Aún encuentro encanto en hablar con desconocidos a través de internet. A V. lo conocí por contactos e intereses en común. Desde entonces nos escribimos a veces. Como V. siempre me fue presentado ante mi mirada de redes como militante de una extracción política determinada, aprovecho para consultar su opinión política sobre temas de mi trabajo.
Él siempre responde con amabilidad. V. tiene el don de la generosidad en sus relatos. A veces, curioso por el potencial imaginario que me provee charlar con él, consulto por otros datos de su vida cotidiana. Como un personaje en construcción, V. responde en el mismo tono. También hace preguntas y expresa opiniones. Algunas de esas opiniones tienen la forma de un mimo digital, como cuando me dijo "es que me cabe hablar con vos".
Hace unos días, cuando había sacado la edición de EMR de la obra poética de Francisco Gandolfo (se llama "Versos para despejar la mente", los cuales traje a mi mesa de luz en busca de que su título funcionara, sino como remedio, al menos como firme intención), comencé a leerle un poemario a través de Whatsapp. Mientras él cuida una obra en otra provincia, yo leo una parte de los "Poemas joviales" (1977), en que Gandolfo exalta los mensajes del universo:
las galaxias me envían
cartas de amor con un rulo
un pedazo de vestido
o el hilo de un tejido
que su cuerpo lució
las líneas temblorosas
de sus manos dicen
que retribuyen mi atención
esta correspondencia me excita
y la contesto con versos que exaltan
la amante energía de vivir
No sé cuántas poesías he mandado por internet desde que descubrí las redes. ¿Eso fue antes o después que comenzase a dar talleres? Si saco cuentas, hace más de diez años que me reúno con personas a leer poemas. Con el tiempo, las escenas y las formas cambiaron. Sin embargo, en el corazón de aquello que para mí es un taller siguen estando el poema y la búsqueda de darle un cuerpo (entregar un cuerpo) al poema a través de la voz. Dar un taller, como en la conversa de Whatsapp con V., es leer un poema en voz alta.

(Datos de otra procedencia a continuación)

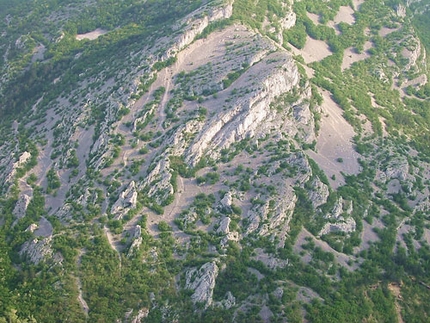 Val Rosandra - Long shadows on Monte Carso
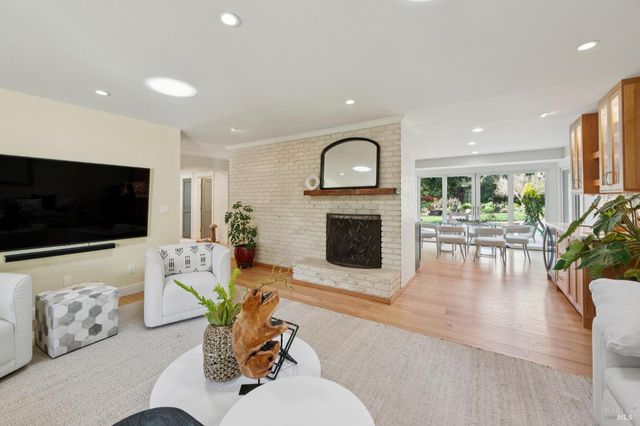 1222 Apple Tree Ct, Sonoma, CA 95476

Ayer, al despertarme súbitamente (¿uno puede despertarse de otro modo?), envíe un mensaje a V. Le preguntaba si aún estaba en la obra y le leía un poema más. Después me fui a dar taller. Trabajamos con un solo poema durante toda la mañana. Cuando era chico a veces también hacíamos eso.
Cada vez que tengo más claro el objeto con que trato de adentro hacia afuera, dentro mío se genera el efecto inverso. Dado a otros, el poema deja en mí una sensación de vacío que ya no me agarra por sorpresa.
En la escena final, luego de terminar de leer me senté en la ventana mientras todas hacían chistes y distendían la tensión del momento previo. Una de ellas me miraba fijamente, sonriendo como yo en ese instante. Acababa de decirles que la angustia, la ansiedad y el entusiasmo de no saber qué hacer con el poema y las preguntas recibidas, eran -¡por suerte!- una sensación por la que yo no tenía que pasar. Es mi privilegio de tallerista.
Supongo que el cansancio respecto a la poesía que algunos días me visita tiene que ver con desarmar una identidad y un nombre donde ese sustantivo fue fundante. Pero también, con la imposibilidad que siento en este tiempo para sostener la cotidiana alegría que supone leer poemas a desconocidos como cartas de amor al universo. (¿Será que no encuentro, como Gandolfo, en las temblorosas líneas de su mano la correspondencia que me excite?)
Para saber si esta noche le toca de sereno, a V. le pregunto si hace obra hoy, como si se tratase de un actor. Algunas mañanas mamá me escribe preguntándome si hoy doy taller. ¿De qué hablaré en el futuro?